6    Dr McDonald is the anthropologist for Eastern Guruma. His report was filed on 22 December 2015 in support of Eastern Guruma’s joinder application. The Yindjibarndi applicant points to the fact that Dr McDonald, in fact, first undertook field work for the Eastern Guruma in 1997 and was engaged by them to prepare the expert connection reports for two consent determinations made by Justice Bennett in 2007 and 2012. He undertook survey work over many years and was present on a Fortescue Metals Group Ltd (FMG) survey when Mr Nelson Hughes looked for a place called ‘Satellite Springs’ in 2007, but could not find it. The applicant says that subsequent attempts were made without Mr Hughes and it was rediscovered in August 2009 on an FMG survey undertaken with Eastern Guruma people and a consultant that worked with Dr McDonald. The rediscovered Satellite Springs was not in the adjacent Eastern Guruma determination area, but was in the applicant’s claim area.
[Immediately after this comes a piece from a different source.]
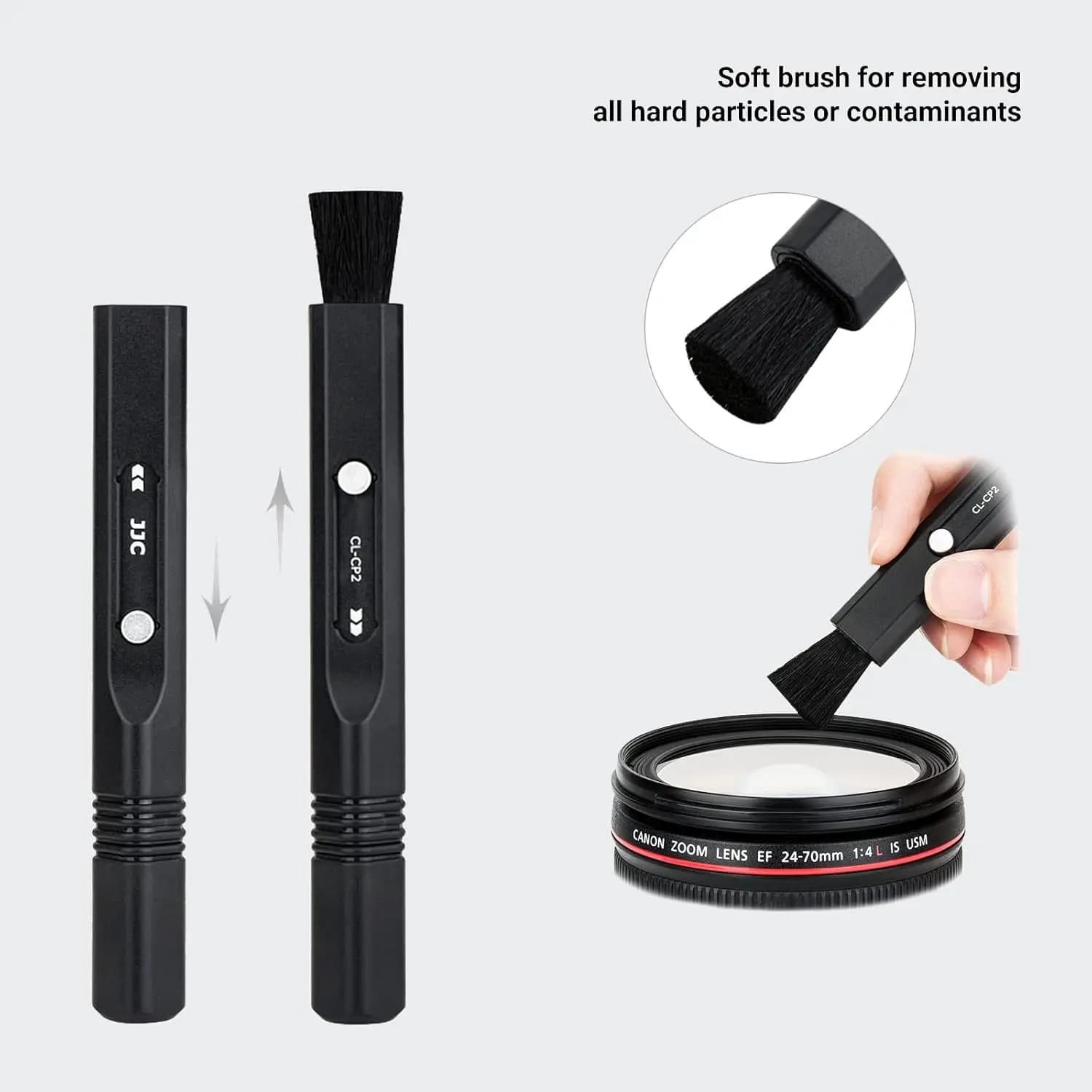 Penna per la Pulizia delle Lenti JJC, Spazzola per Filtri di Obiettivi, Videocamere, Cannocchiali Leupold, Binocoli, Tastiere, Visori VR, Schermi LCD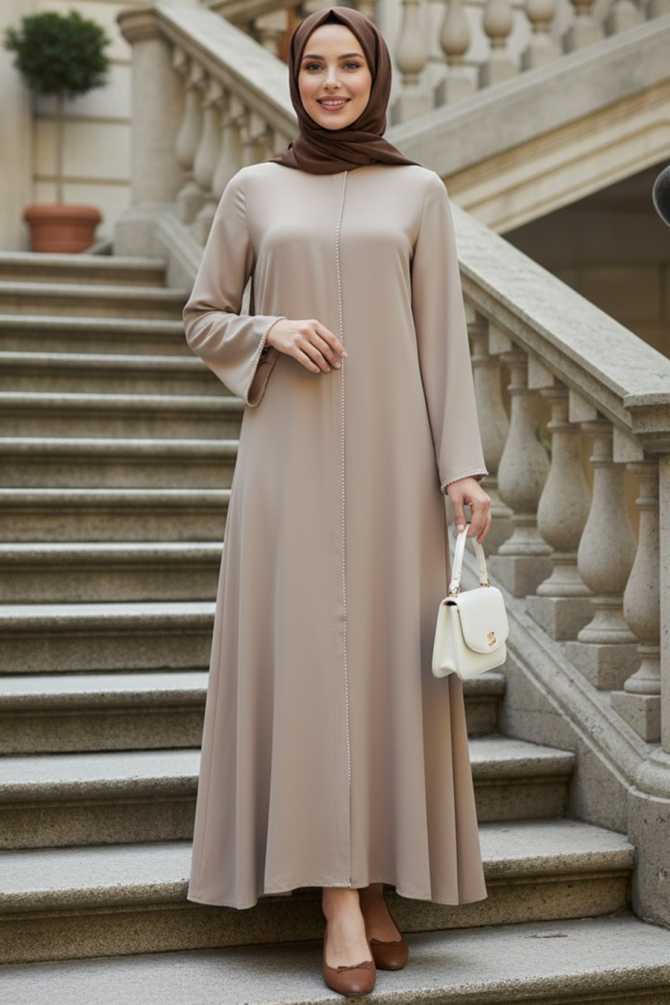 Zippered Beige Modest Abaya 85107BEJ -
7    The concern I have is not so much with the relevance of the subpoena. I can imagine that, amongst the plethora of documents which would be produced if time permitted, there would be documents reasonably likely to add, in the end, in some way or another, to the relevant evidence in the case: Construction, Forestry, Mining and Energy Union v BHP Coal Pty Ltd (No 3) [2012] FCA 61 per Collier J (at [6]). The timing of the briefing to Dr McDonald about the places known as Satellite Springs and the northern boundaries could possibly be relevant to the question of delay in instituting the application. I express no firm view.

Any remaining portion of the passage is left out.